Le marché et le crédit pour les nuls

Partager sur:
Sauvegarder cet article
Aimer cet article 0
Or et argent (Crédits : JLS Photography, licence CC BY-NC-ND 2.0)

Promouvoir la liberté n’est pas gratuit

Mais cela peut aider à réduire vos impôts de 66%

Faites un don dès maintenant

Faire un don

Le marché et le crédit pour les nuls

Les points de vue exprimés dans les articles d’opinion sont strictement ceux de l'auteur et ne reflètent pas forcément ceux de la rédaction.
Publié le 7 février 2016
- A +

Par Bill Bonner

JLS Photography-Silver and gold (CC BY-NC-ND 2.0)
JLS Photography-Silver and gold (CC BY-NC-ND 2.0)

 

« Dieu merci, c’est fini », clamait Barron’s vendredi, le Dow ayant repris près de 400 points.
Mais le marché baissier est-il vraiment terminé ? Les cours se sont repris suite à une baisse de taux surprise, par la Banque du Japon cette fois-ci. Les taux courts japonais sont désormais négatifs de 0,1%.

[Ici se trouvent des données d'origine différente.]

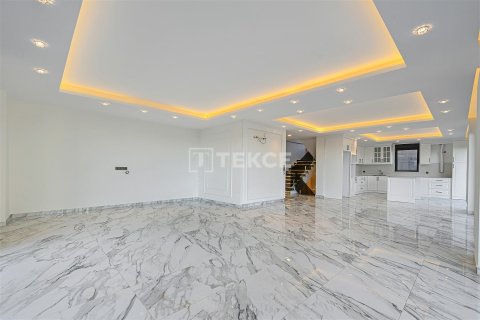 5+1 Villa i Alanya, Antalya, Tyrkia Nr. 146810 - 13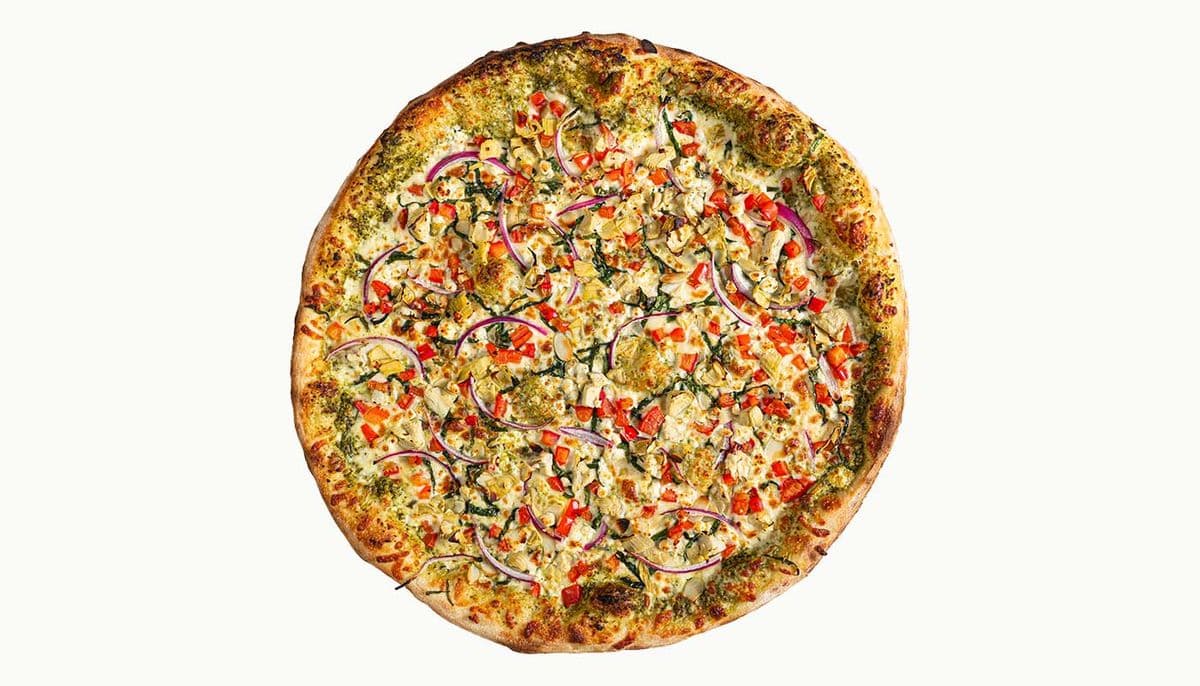 16″ Venice Bitch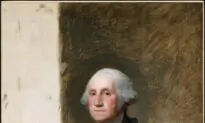 The Enduring Image of George Washington and the Hippopotamus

Comme nous le disons souvent, en plus de la Guerre contre la Pauvreté, la Guerre contre les Drogues et la Guerre contre la Terreur, il y a aussi une Guerre contre le Cycle du Crédit.
Cette guerre a pour but d’empêcher une correction sur les marchés du crédit. Ce dernier augmente depuis 33 ans, en grande partie grâce au soutien indéfectible des autorités.

Avant que le lien entre le dollar et l’or ait été coupé, le crédit était rationné par le marché. Lorsque l’épargne était abondante et que les emprunteurs se faisaient rares, la dynamique entre offre et demande faisait baisser les prix. Cela diminuait le coût du capital, décourageait l’épargne et permettait aux entreprises de se lancer dans des projets qui, à des taux d’intérêt plus élevés, n’auraient pas été possibles.

Ainsi stimulée, l’activité économique accélérait… les entreprises se développaient… les salaires augmentaient… les dépenses les imitaient… les profits des entreprises et les marchés boursiers gonflaient généralement… et les taux d’intérêt grimpaient à mesure qu’un nombre croissant d’emprunteurs luttaient pour une épargne de plus en plus mince.

La hausse des taux étouffait l’expansion de crédit et encourageait les gens à épargner. Les actions, en concurrence avec des rendements plus élevés sur le marché obligataire et les dépôts bancaires, baissaient à nouveau.

C’est ainsi que le cycle du crédit est censé fonctionner. Il corrige naturellement, dans les deux directions.

Plus intelligents que Dieu

Et puis est arrivé le dollar fiduciaire post-1971. Avec lui venait un système de crédit qui n’avait plus besoin d’épargne… des banques centrales déterminées à maintenir à tout prix le coût de l’emprunt au plancher… et des économistes sortis de l’université qui pensaient être plus intelligents que Dieu. Depuis ce changement majeur du système monétaire, les marchés sont passés en arrière-plan ; les autorités décident à présent de ce que vous devez payer pour le crédit.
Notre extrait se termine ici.